As we've said before, you should NEVER accept an mp3, AAC or any other data compressed file as a mix master or production master. See our entry "Audio Production in the Age of mp3 and AAC" http://desmastering.blogspot.com/2009/09/audio-production-in-age-of-mp3-and-aac.html.

I intended to include a list here covering a question that we mastering guys hear all of time time; "I've found this (fill in the blank) type of tape/disc from an old session. What could this be?", but this has already gone longer than I expected. I'll do that next entry.



Thursday, February 4, 2010

What is Acceptable as a Master?

As the home recording 'revolution' continues, we are seeing more and more people charging for professional audio services but who apparently have no idea about standards that have to be met in order to assure the best audio quality, and what to give their clients so they can proceed to post-production, mastering and manufacturing. There is a disturbing trend, especially in the hip-hop community, of studios, producers and so-called mastering engineers delivering mp3s as masters.

PLEASE MAKE NOTE - MP3 IS BARELY ACCEPTABLE AS A CONSUMER FORMAT. IT IS NOT ACCEPTABLE AS A MIX MASTER, PRODUCTION MASTER OR FOR ANY OTHER PROFESSIONAL APPLICATION!

The only thing in professional production that mp3 is used for is as a quick reference that can be uploaded for a client to approve a mix, an edit or a revision etc. Also, most stadium and arena music comes from mp3, but that is hardly a critical listening environment.

If you mix to a digital recording system, when you leave the studio you should have your mixes in as high resolution digital format as possible. Refer to our blog entry of Sept. 15, 2009 "Audio File Formats, Sample Rates and Bit Depth" for a detailed explanation. But in brief, your mixes should be .wav, .aif or .sd2 audio files of at least 24 bit resolution and at the same sample rate your session was tracked at. In other words no sample rate conversion should have been performed. Also, be sure you get your 1st generation, unprocessed mixes. That means no normalizing, fades, edits or any other process has been applied. You might also have a folder of Edit Masters which have fades & edits (normalizing shouldn't be done in any case), but for mastering you want the totally unaffected mix masters.
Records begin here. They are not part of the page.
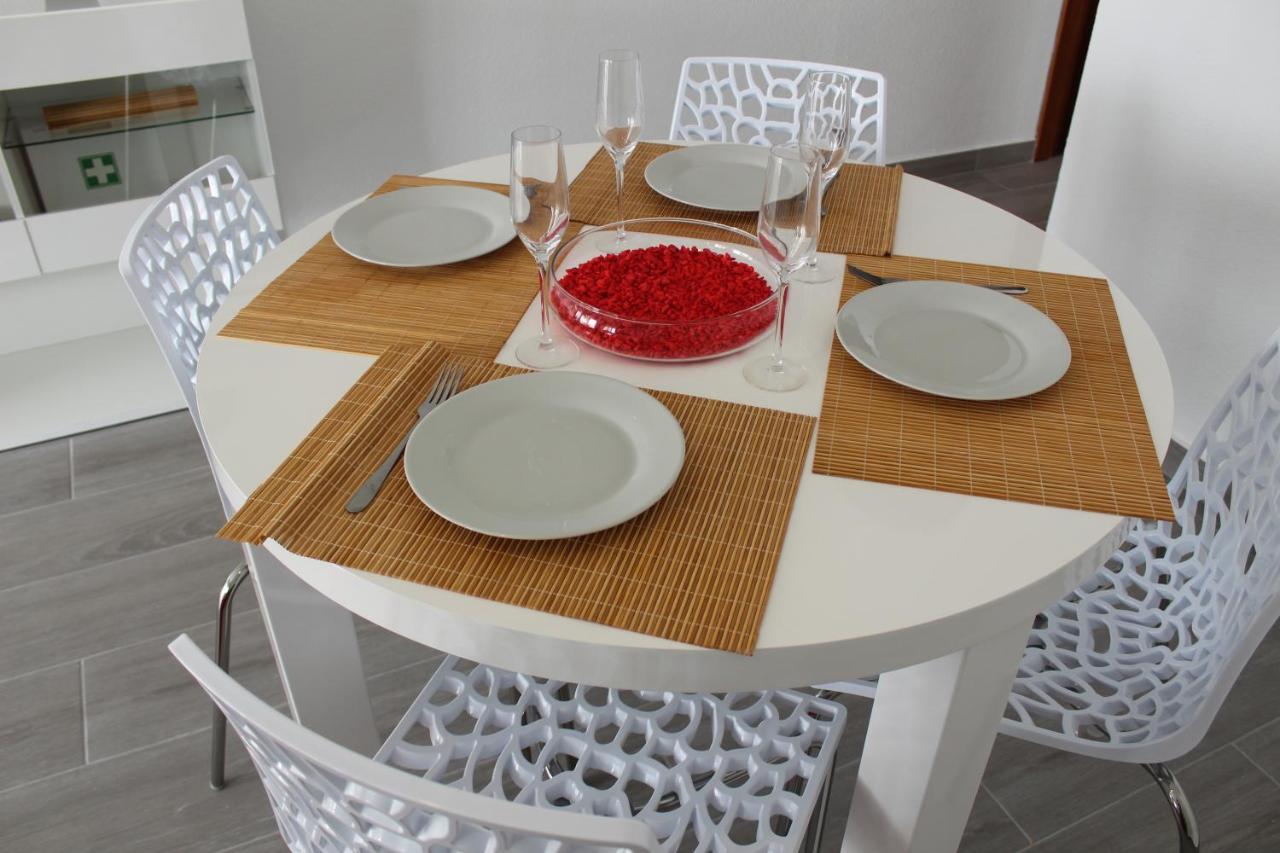 Apartamento Pueblo Quinta ベナルマデナ エクステリア 写真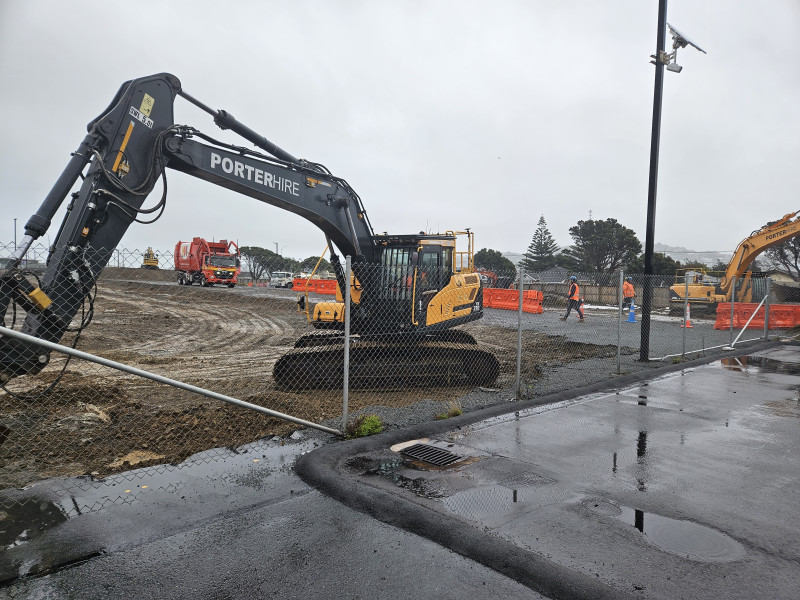 image of kauri street digger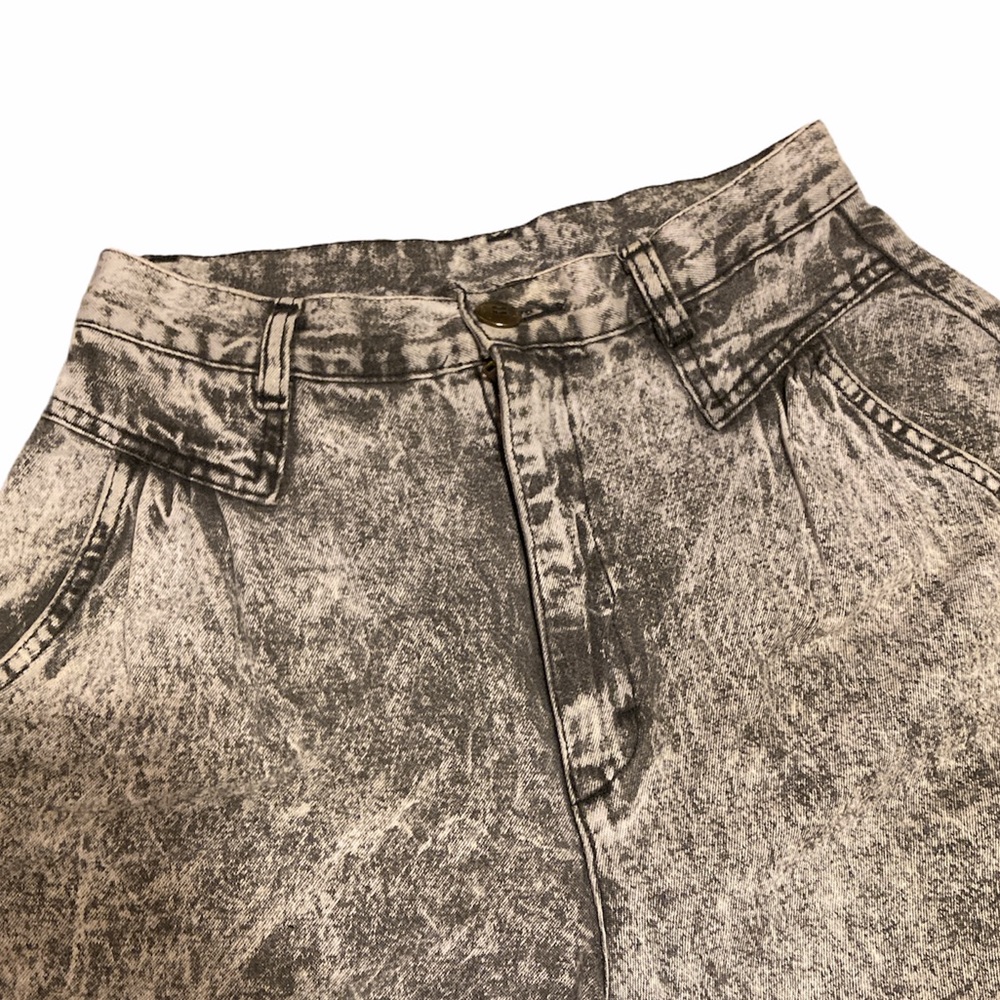 Cherokee Vintage Acid Wash High Waisted Jeans - Picture 2 of 8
It's a good idea for you to take a hard drive to the studio and have them put your high res audio files there, or the studio may have priced a drive in your package, but you should also have them create one or more data CD-Rs or DVDs containing your mixes. I've seen it before; artists who think they've done the right thing by storing all of their mixes and sessions on a hard drive, only to have the drive fail. Having them on a hard medium like CD-R or DVD is the safest backup. Of course you also want the studio to provide you with an audio CD-R reference disc so you can easily proof your mixes, but for your archive and for mastering, post production etc. they should be high resolution .aif or .wav or .sd2 audio files.